El silencio es la mejor arma con la que cuentan los agresores


"Yo tendría unos 17 años. Él unos 45. Era una persona amiga de mi familia, un hombre atento, educado, agradable y generoso, decían en el pueblo.  Siempre que coincidíamos, se mostraba muy simpático conmigo, me preguntaba si tenía novio, me decía que era muy guapa, se interesaba por mi trabajo…nada fuera de lo normal.

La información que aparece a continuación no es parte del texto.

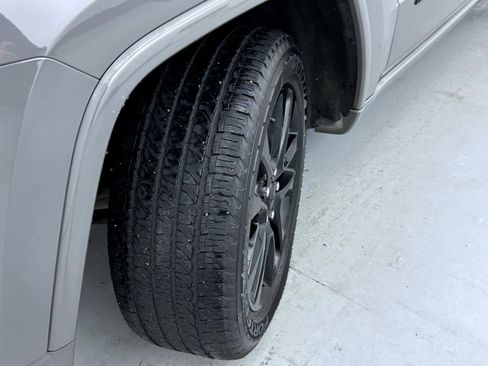 Used 2022 Jeep Grand Cherokee Laredo X AWD/4WD image 24
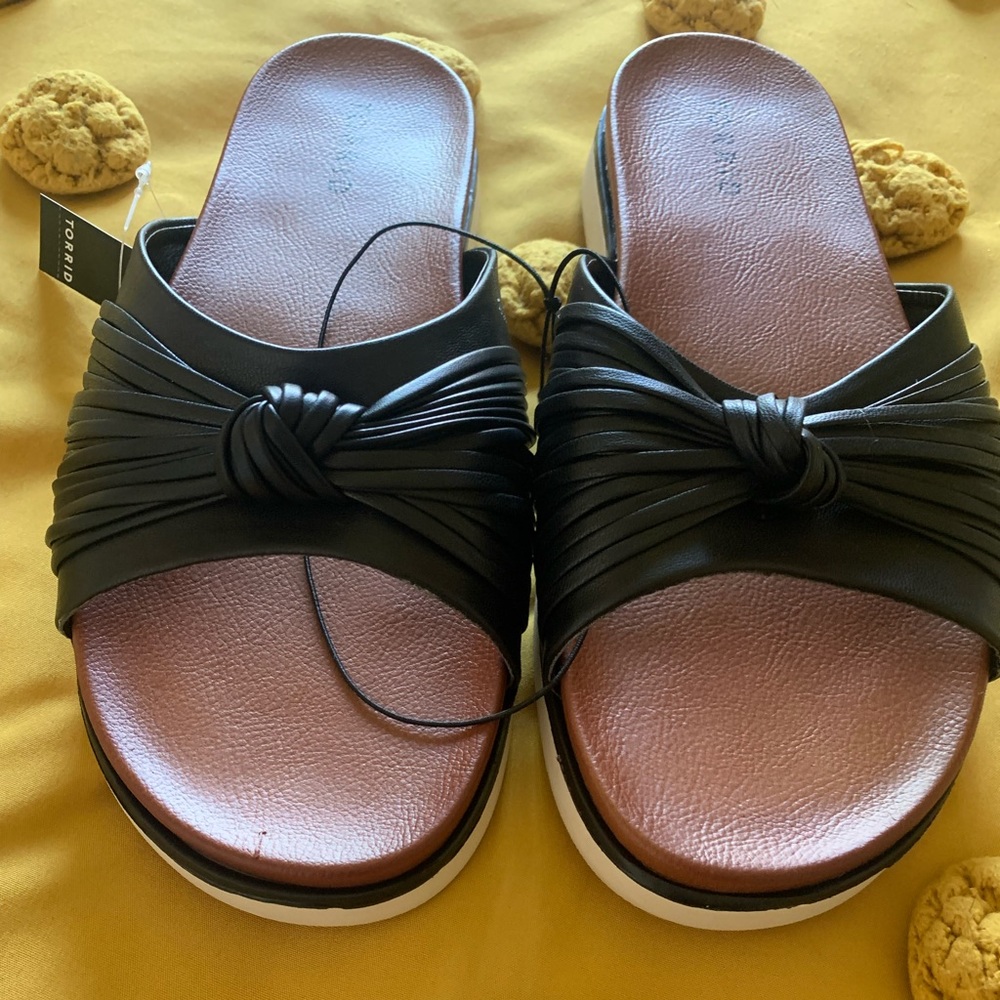 Torrid Twist Knot Slide - Wide Width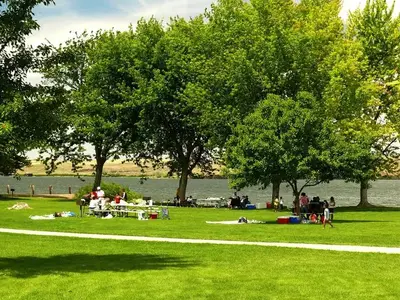 Charbonneau Park Picnic area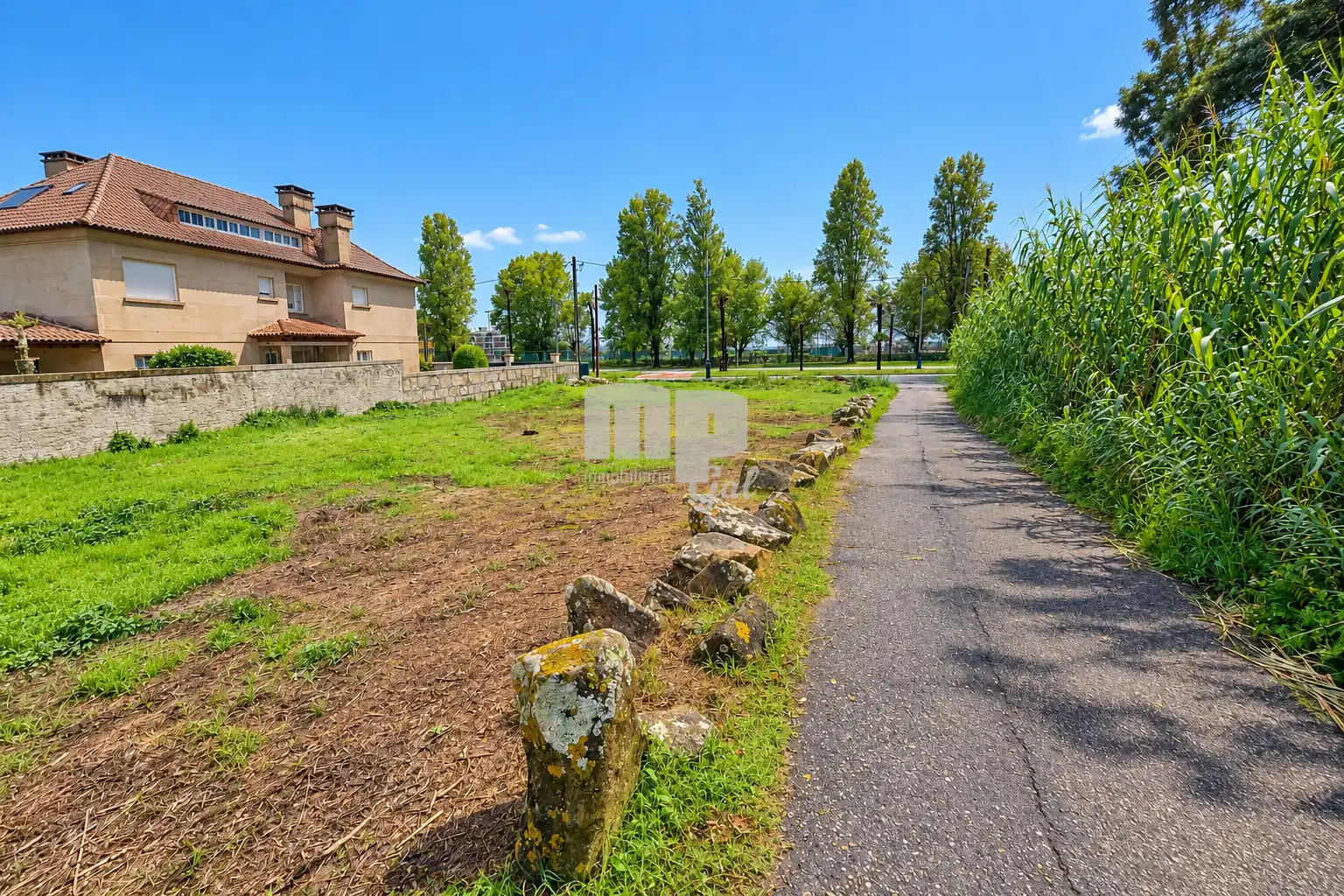 Residential for sale in Navia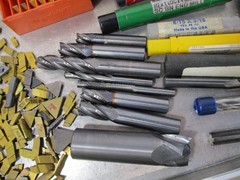 5 POUNDS + of CARBIDE Tungsten Usable & Scrap Inserts, Endmills, Drills MORE 5#
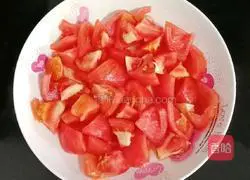 Illustration of how to stew tomatoes, white jade mushrooms and tofu 2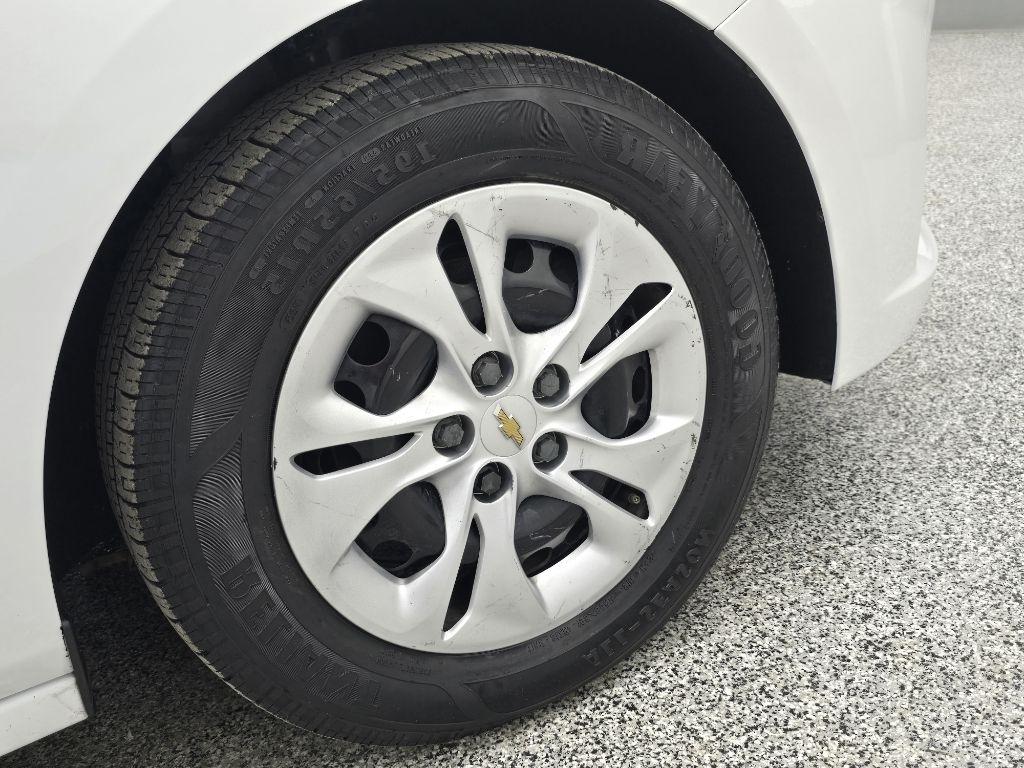 Chevrolet Cruze LS Auto 2019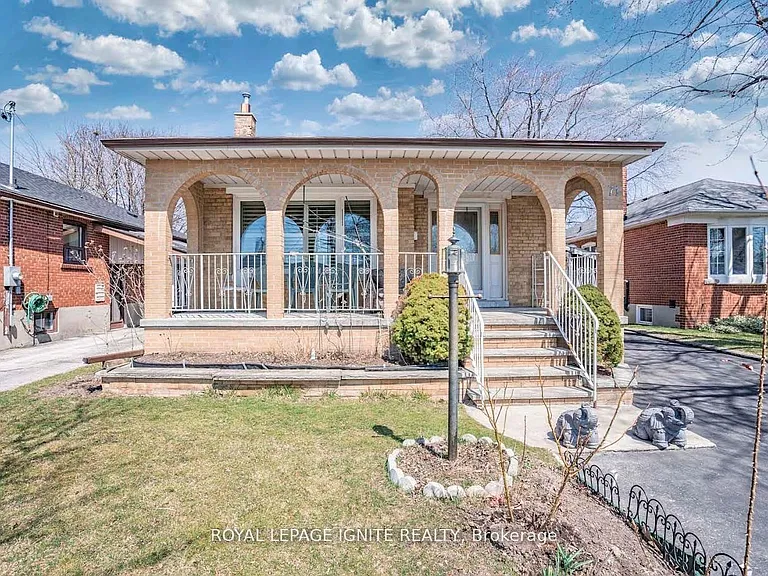 71 Barrymore Rd #BASEMENT — Photo 1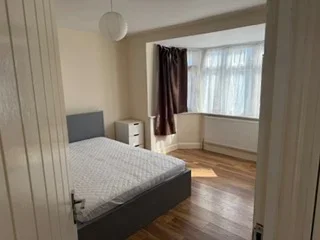 Room Park Road in Greater London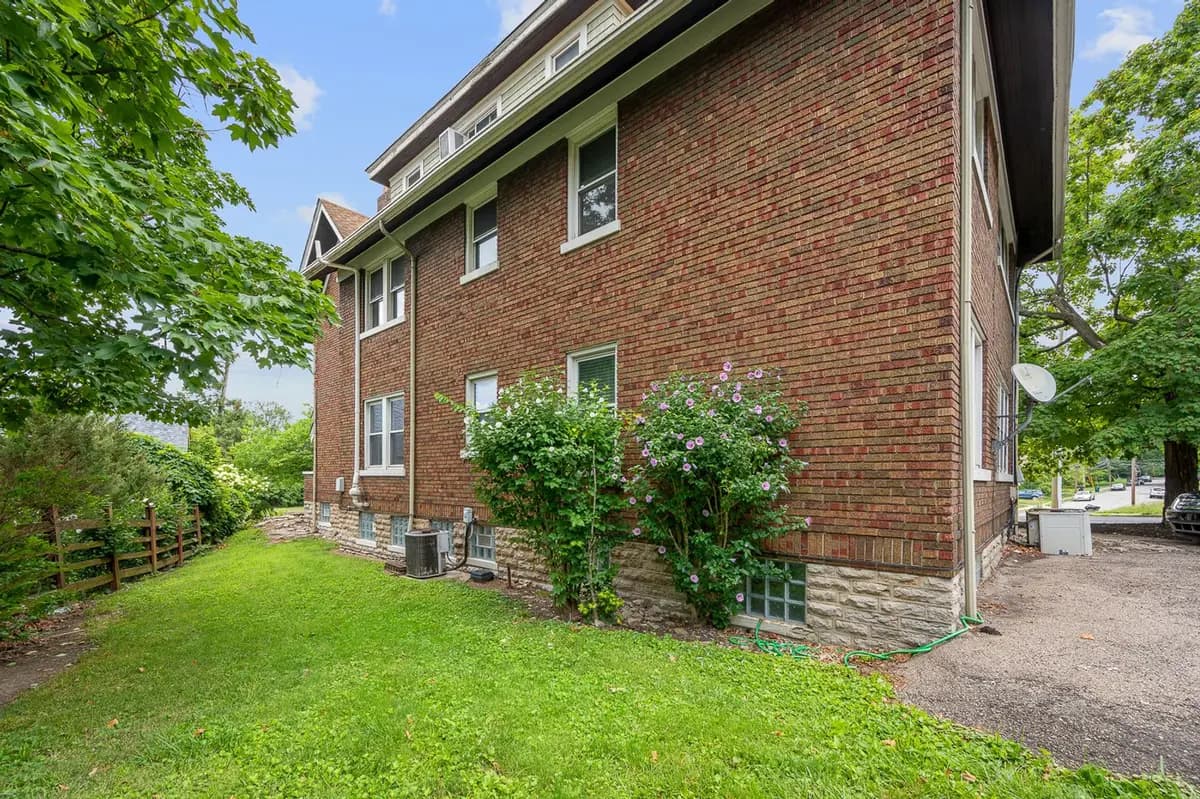 505 W McMillan - Apartment - 24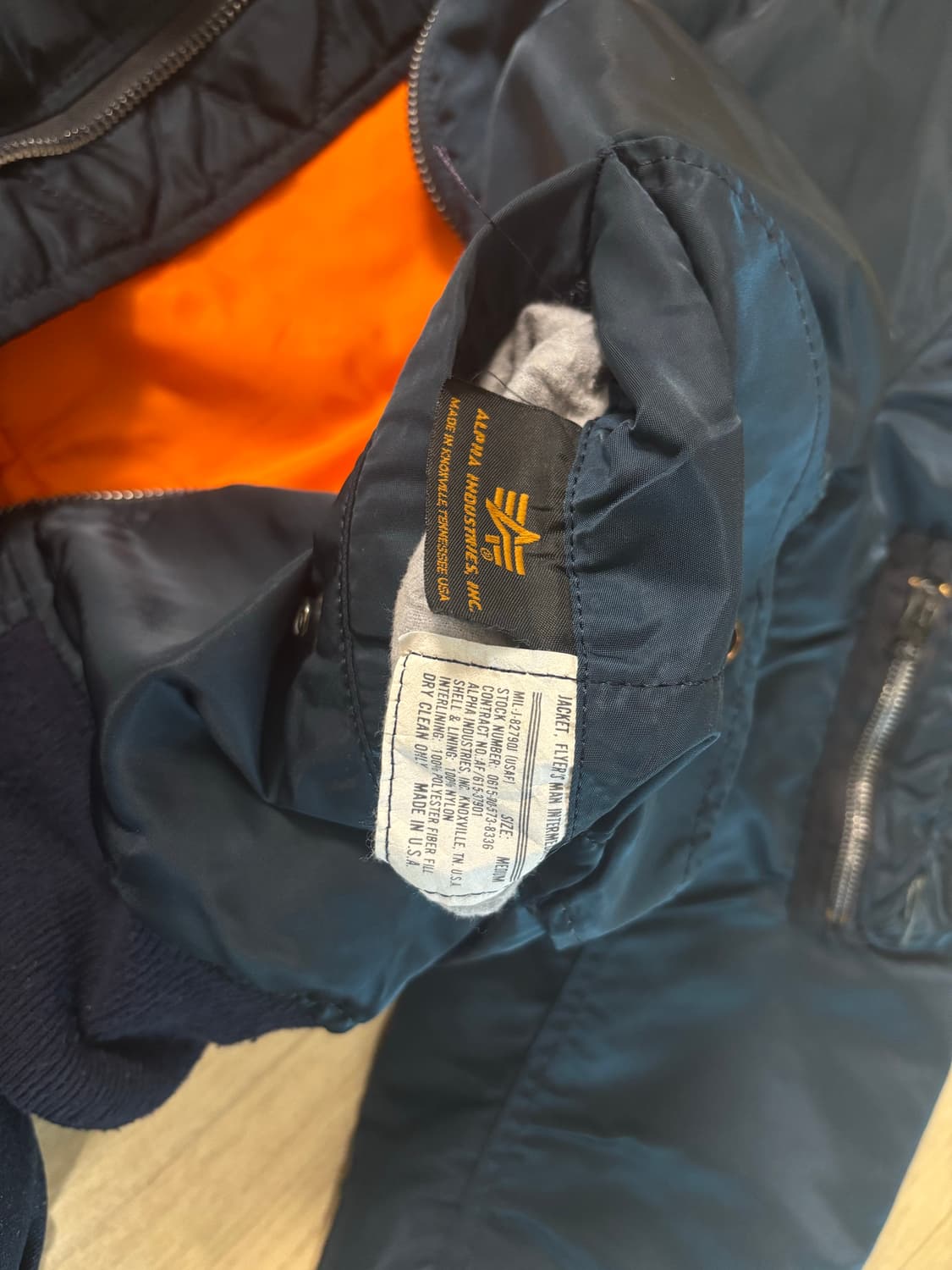 알파인더스트리 Ma-1 Made in USA 네이비 상품이미지6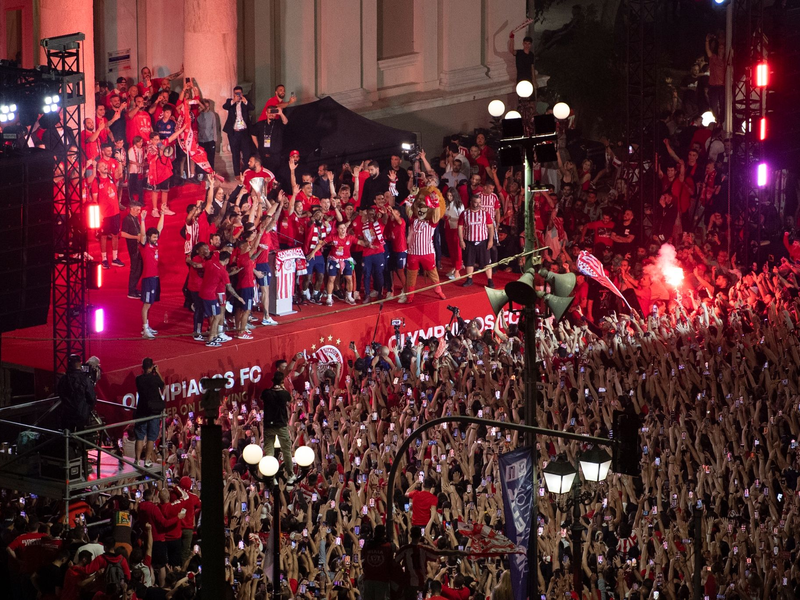 Die Spieler von Olympiakos Piräus feiern mit ihren Fans den Sieg im Conference-League-Finale. - Foto: Michael Varaklas/AP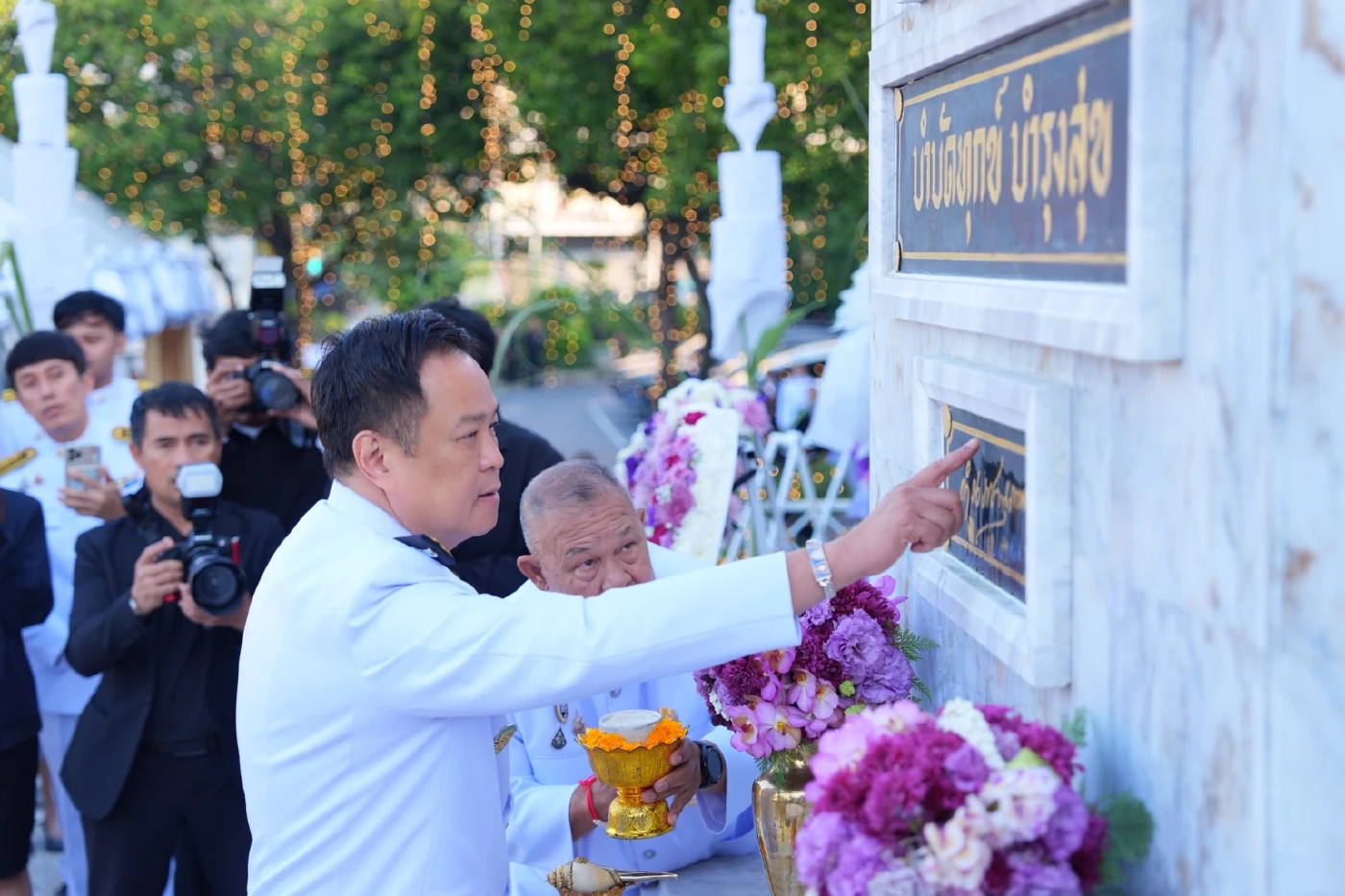 "อนุทิน" วางพวงมาลาถวายสักการะ เนื่องในวันดำรงราชานุภาพ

Pero un día tuve que acudir sola a su despacho para llevarle unos documentos y fue entonces cuando mostró su verdadera cara. Me recibió con una sonrisa y me invitó a sentarme. Con los documentos en su mano y mientras hacía que leía, me miró fijamente por encima de sus gafas. Me sentí intimidada, pero no hice movimiento alguno. Después de unos minutos, que se me hicieron eternos, se levantó y me dijo que le disculpara, pero que tenía que hacer una llamada importante. Recuerdo que cuando pasó junto a mí en dirección a la sala contigua, puso su mano encima de mi hombro y luego me tocó el pelo (en aquellos años yo tenía una larga y preciosa melena rubia) No interpreté aquel gesto como anormal, pero me puse nerviosa 
Al volver de la sala se paró detrás de mí y volvió a tocarme el pelo con un gesto que me pareció excesivo, pues lo interpreté como una caricia. En aquel momento me sentí incómoda, así que le pregunté si todo estaba bien y si podía irme, al mismo tiempo que intentaba levantarme de la silla. Él se puso delante de mí (era más bajo que yo) y me dijo que me tranquilizara, que no había prisa. Le repetí que me tenía que marchar, pero él insistió mientras posaba sus manos sobre mis hombros apretando ligeramente. Me levanté e intenté avanzar unos pasos para alcanzar la puerta de salida, pero me cogió por los brazos y luego deslizó sus manos sobre mi espalda atrayéndome hacia él en un intento por abrazarme. Me eché hacia atrás y le pedí que me soltara, pero volvió a cogerme, esta vez con más fuerza, e intentó besarme. Me dijo “no te enfades, mujer, es solo un beso”. En ese momento fui consciente de que no me iba a permitir marchar sin conseguir lo que quería y comencé a sentir miedo, así que le empujé y conseguí que soltara uno de mis brazos. Me miró, y, sonriendo, me dijo que era muy guapa, que tenía un pelo precioso y que siempre le había gustado mucho. Le miré fijamente, y a pesar del miedo que sentía le dije que me daba asco que me tocara y que iba a contarle a todo el mundo lo que me había hecho. Desconozco que fue lo que le motivó a soltarme, pero lo hizo. Se dirigió a la puerta, la abrió y me dijo “digas lo que digas, nadie te va a creer”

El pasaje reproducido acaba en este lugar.